File Formats : SMARTS

ChemAxon products import and export SMARTS strings with the following features:

Full-functional (editable) query features

SMARTS features interpreted during import/export as full-functional (editable) query features:

  • atom lists like [C,N,P] and 'NOT' lists like [!#6!#7!#15]
  • any bond: ~
  • ring bond: C@C
  • hydrogen count: H0, H1, H2, H3, H4
  • valence: v0, v1, ..., v8
  • connectivity: X0, X1, X2, X3, X4
  • in ring: R
    ring count: R0, R1, ..., R6
  • size of smallest ring: r3, r4, r5, r..
  • number of ring bonds: x2, x3, x4
    at least one ring bond: x
  • aromatic and aliphatic atoms: a, A
  • aliphatic, aromatic atom query properties
  • single_or_double, single_or_aromatic, double_or_aromatic bonds (used in Marvin)
  • directional or unspecified bonds: C\C=C/?C
  • chiral or unspecified atoms: C[C@?H](Cl)Br
  • component level grouping: (C).(O) (C.O)

Features with limited editing support

A subset of SMARTS features are imported as SMARTS atoms/bonds. These atoms/bonds have limited editing support in the Marvin GUI, but can be exported and evaluated (e.g. JChem structure searching handles them correctly):

  • implicit hydrogen count: h2, h3, h..
  • degree: D2, D3, D..
  • more difficult logical expressions in atom or bond expressions: &,;!
    (Simpler cases, like atom lists, not lists, "and"-expressions are handled by the above features.)
  • recursive SMARTS: [$(CCC)]

Features exported as SMARTS atoms/bonds

A subset of features are exported as SMARTS atoms/bonds.

  • MDL Substitution Count query atom property s<n> is converted to degree Dn. In case of s* the non-H neighbours are counted and exported as degree D<number>.
  • MDL Unsaturated Atom query atom property u is converted to recursive SMARTS: $([*,#1]=,#,:[*,#1]) is appended after the SMARTS atom.

Implicit and Query Hydrogen Atoms

  • Impicit Hydrogen atoms are not written inside brackets. Eg: [C:1]
  • Query Hydrogen atoms are written inside brackets without using the low precedence "and" operator ';'. Eg: [CH3]

Implicit bond types

The default bond types for import and export strongly depend on the atoms connected by the bond.

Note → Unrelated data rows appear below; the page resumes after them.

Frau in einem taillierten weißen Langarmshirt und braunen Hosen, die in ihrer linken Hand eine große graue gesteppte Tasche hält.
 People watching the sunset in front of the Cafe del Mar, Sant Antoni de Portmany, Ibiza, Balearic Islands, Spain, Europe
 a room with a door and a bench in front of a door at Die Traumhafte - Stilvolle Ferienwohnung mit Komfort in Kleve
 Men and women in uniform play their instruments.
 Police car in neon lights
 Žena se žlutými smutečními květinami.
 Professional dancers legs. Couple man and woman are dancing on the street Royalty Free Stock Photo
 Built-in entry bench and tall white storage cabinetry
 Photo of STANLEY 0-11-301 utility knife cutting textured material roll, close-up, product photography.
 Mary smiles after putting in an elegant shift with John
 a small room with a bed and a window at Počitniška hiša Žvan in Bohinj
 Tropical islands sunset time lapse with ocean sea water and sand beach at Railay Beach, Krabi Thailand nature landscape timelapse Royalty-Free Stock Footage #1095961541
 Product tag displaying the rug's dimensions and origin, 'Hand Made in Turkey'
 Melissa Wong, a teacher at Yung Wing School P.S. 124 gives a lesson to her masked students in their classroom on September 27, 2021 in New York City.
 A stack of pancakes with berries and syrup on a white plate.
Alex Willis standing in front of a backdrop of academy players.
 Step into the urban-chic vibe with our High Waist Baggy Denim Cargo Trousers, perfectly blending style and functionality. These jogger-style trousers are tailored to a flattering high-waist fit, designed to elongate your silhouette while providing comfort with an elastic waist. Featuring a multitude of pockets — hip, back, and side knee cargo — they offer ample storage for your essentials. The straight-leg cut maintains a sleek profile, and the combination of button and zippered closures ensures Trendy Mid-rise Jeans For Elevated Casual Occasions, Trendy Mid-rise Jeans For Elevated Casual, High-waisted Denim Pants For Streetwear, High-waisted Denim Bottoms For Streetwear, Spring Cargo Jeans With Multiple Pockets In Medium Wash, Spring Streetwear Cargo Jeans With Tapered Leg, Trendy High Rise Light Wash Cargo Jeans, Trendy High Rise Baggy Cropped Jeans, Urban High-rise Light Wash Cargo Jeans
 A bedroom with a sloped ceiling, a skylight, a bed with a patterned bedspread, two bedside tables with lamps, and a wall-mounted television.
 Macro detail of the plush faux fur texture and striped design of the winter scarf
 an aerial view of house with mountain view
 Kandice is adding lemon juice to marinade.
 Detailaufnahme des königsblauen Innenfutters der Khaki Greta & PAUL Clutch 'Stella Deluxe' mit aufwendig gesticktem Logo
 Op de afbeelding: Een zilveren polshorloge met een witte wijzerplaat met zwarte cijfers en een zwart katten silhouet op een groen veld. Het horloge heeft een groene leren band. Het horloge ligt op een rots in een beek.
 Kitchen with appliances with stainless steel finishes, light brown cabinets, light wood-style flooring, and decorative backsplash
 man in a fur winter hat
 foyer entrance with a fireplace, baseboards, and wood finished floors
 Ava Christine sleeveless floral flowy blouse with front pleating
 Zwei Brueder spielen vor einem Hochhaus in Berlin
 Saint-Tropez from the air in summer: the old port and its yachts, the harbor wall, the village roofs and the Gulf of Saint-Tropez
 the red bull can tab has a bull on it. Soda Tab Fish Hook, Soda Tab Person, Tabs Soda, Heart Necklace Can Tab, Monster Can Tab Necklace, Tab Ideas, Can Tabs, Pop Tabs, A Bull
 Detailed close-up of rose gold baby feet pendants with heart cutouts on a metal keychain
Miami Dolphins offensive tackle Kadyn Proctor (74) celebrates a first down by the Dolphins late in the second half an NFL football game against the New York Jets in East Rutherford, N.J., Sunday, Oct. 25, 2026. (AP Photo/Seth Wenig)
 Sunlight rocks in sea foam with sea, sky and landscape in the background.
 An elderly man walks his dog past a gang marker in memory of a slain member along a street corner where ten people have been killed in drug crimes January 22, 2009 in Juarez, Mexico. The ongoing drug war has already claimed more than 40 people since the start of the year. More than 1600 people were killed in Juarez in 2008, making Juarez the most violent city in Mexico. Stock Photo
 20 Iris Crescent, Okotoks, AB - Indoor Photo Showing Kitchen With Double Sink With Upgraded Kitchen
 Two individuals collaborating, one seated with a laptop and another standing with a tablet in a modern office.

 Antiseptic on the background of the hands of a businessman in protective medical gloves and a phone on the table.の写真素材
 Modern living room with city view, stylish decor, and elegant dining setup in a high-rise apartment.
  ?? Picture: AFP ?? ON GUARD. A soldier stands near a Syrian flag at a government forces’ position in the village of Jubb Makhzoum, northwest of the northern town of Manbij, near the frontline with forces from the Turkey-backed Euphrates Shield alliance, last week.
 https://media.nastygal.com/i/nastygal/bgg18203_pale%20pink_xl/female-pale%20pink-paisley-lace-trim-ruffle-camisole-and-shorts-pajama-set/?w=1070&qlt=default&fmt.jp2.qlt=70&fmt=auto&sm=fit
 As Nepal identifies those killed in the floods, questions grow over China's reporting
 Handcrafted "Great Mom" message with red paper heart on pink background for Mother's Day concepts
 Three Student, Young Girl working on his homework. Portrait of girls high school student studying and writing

  • Aromatic bonds are not written explicitly if neither atoms are aliphatic and they are in a ring.
    e.g.: c1ccccc1 But: c:c, c:[c;a], [#6]:c
  • Single bonds are not written explicitly if at least one atom is not aromatic.
    e.g.: CC, C[c;a], Cc, C[C;A], [#6]C But: [#6]-[c;a], c1ccc(cc1)-c2ccccc2
  • Single_or_aromatic bonds are not written explicitly if both atoms of the bond are aromatic and any of them is not in the same ring.
    e.g.: [#6]cc, [#6][c;a], [#6][#6]

 

™: SMILES, SMARTS, and SMIRKS are trademarks of Daylight Chemical Information Systems.